__Activity__.
Please print the entries below exactly, from the line with "A certificated vintage" through the line with "soft_texture, striped_clothing, toddler", including both of those lines and leaving out all others.

**** Source data ****

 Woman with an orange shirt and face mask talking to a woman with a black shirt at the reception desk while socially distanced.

****
**** Source data ****

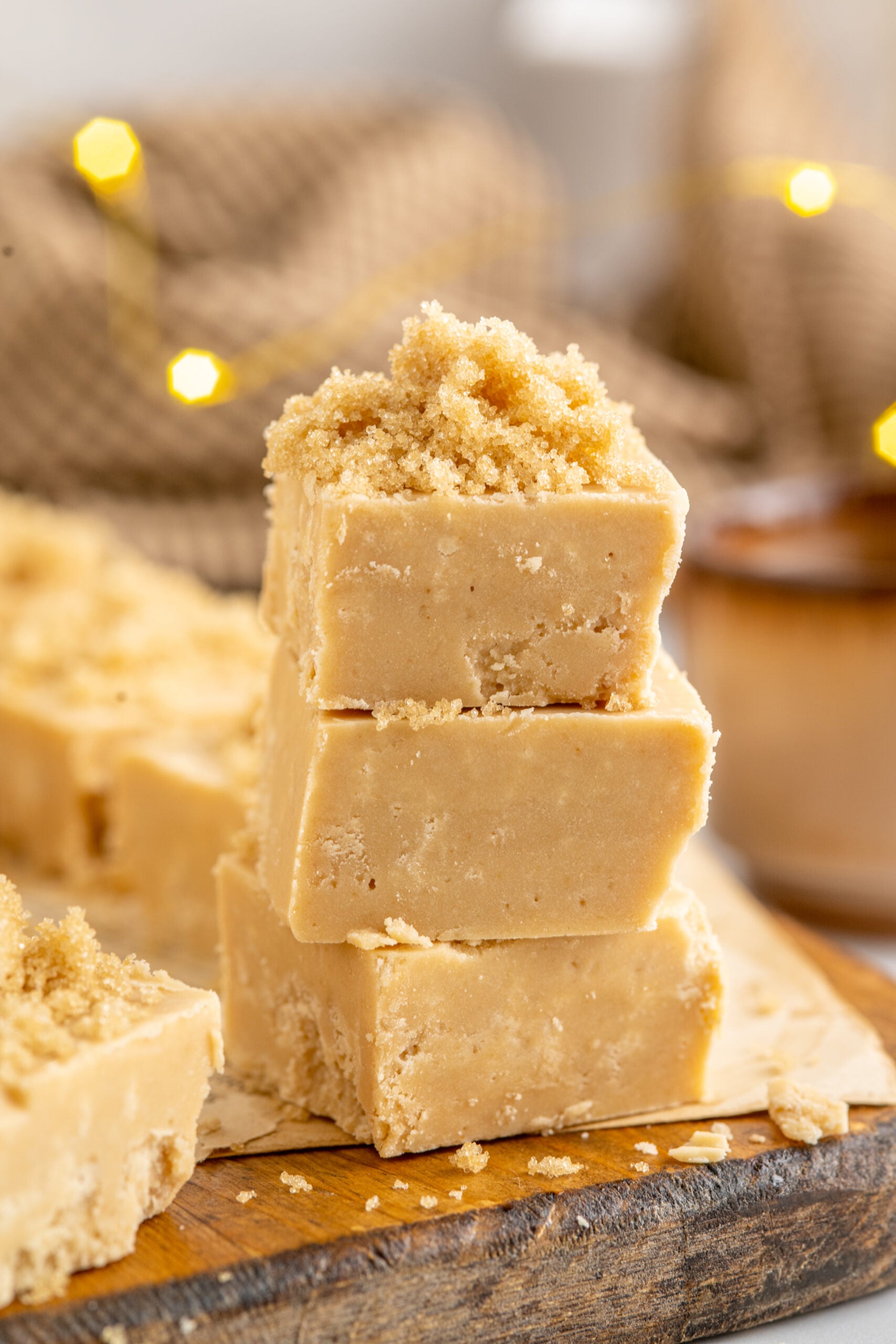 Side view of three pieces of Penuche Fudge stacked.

****
**** Source data ****

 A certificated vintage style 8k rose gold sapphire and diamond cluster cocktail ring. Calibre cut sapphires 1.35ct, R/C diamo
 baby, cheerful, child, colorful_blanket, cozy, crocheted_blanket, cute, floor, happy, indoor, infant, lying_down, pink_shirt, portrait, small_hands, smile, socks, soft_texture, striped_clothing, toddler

****

__The completed task__.
 A certificated vintage style 8k rose gold sapphire and diamond cluster cocktail ring. Calibre cut sapphires 1.35ct, R/C diamo
 baby, cheerful, child, colorful_blanket, cozy, crocheted_blanket, cute, floor, happy, indoor, infant, lying_down, pink_shirt, portrait, small_hands, smile, socks, soft_texture, striped_clothing, toddler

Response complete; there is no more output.